Image-text web data
=======

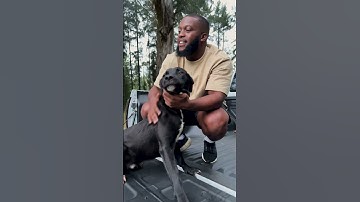 Adventure more with the GWM P-Series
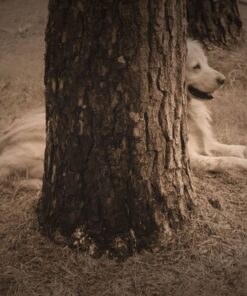 Corel PaintShop Pro X9 Ultimate (Old Version) 11 71eA1rM142L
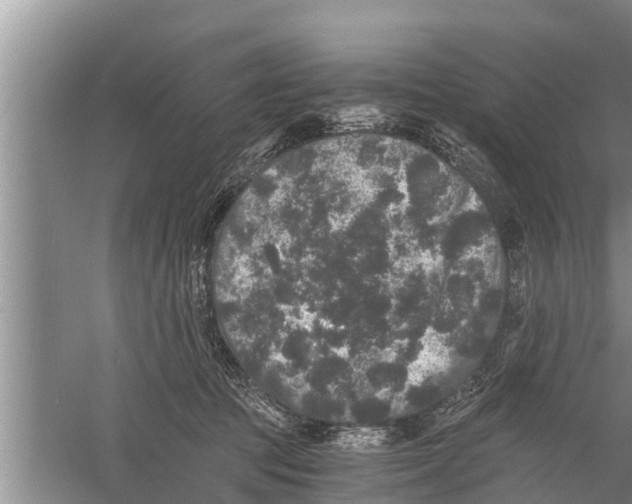 X0000058760369200510281924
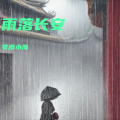 零度小海 - 雨落长安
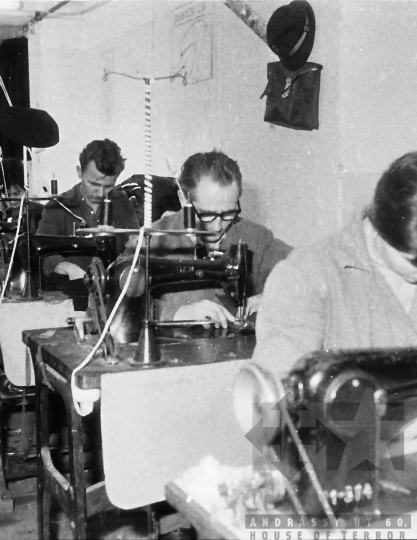 THM-BJ-01699 - Simontornyai Bőrgyár szőrmeüzeme az 1960-as években 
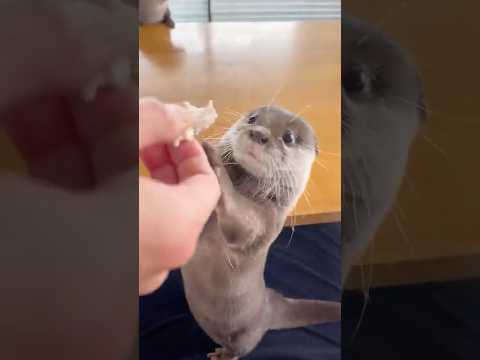 カワウソにこんなおねだりされたら絶対断れない　Otters Begging for Treats #Shorts
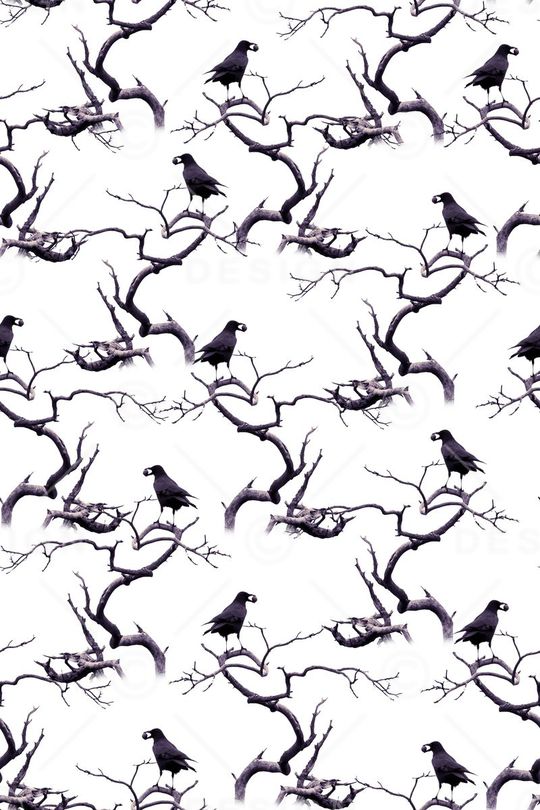 动物印花华亿平台图片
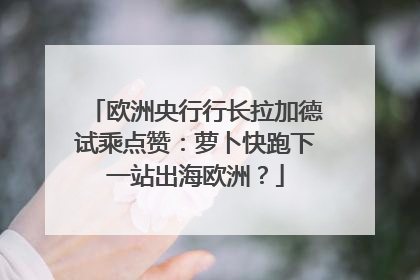 欧洲央行行长拉加德试乘点赞：萝卜快跑下一站出海欧洲？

=======

> [The problem]:
Please output the records above exactly, without the pictures.

> [Solution]:
 Adventure more with the GWM P-Series
 Corel PaintShop Pro X9 Ultimate (Old Version) 11 71eA1rM142L
 X0000058760369200510281924
 零度小海 - 雨落长安
 THM-BJ-01699 - Simontornyai Bőrgyár szőrmeüzeme az 1960-as években 
 カワウソにこんなおねだりされたら絶対断れない　Otters Begging for Treats #Shorts
 动物印花华亿平台图片
 欧洲央行行长拉加德试乘点赞：萝卜快跑下一站出海欧洲？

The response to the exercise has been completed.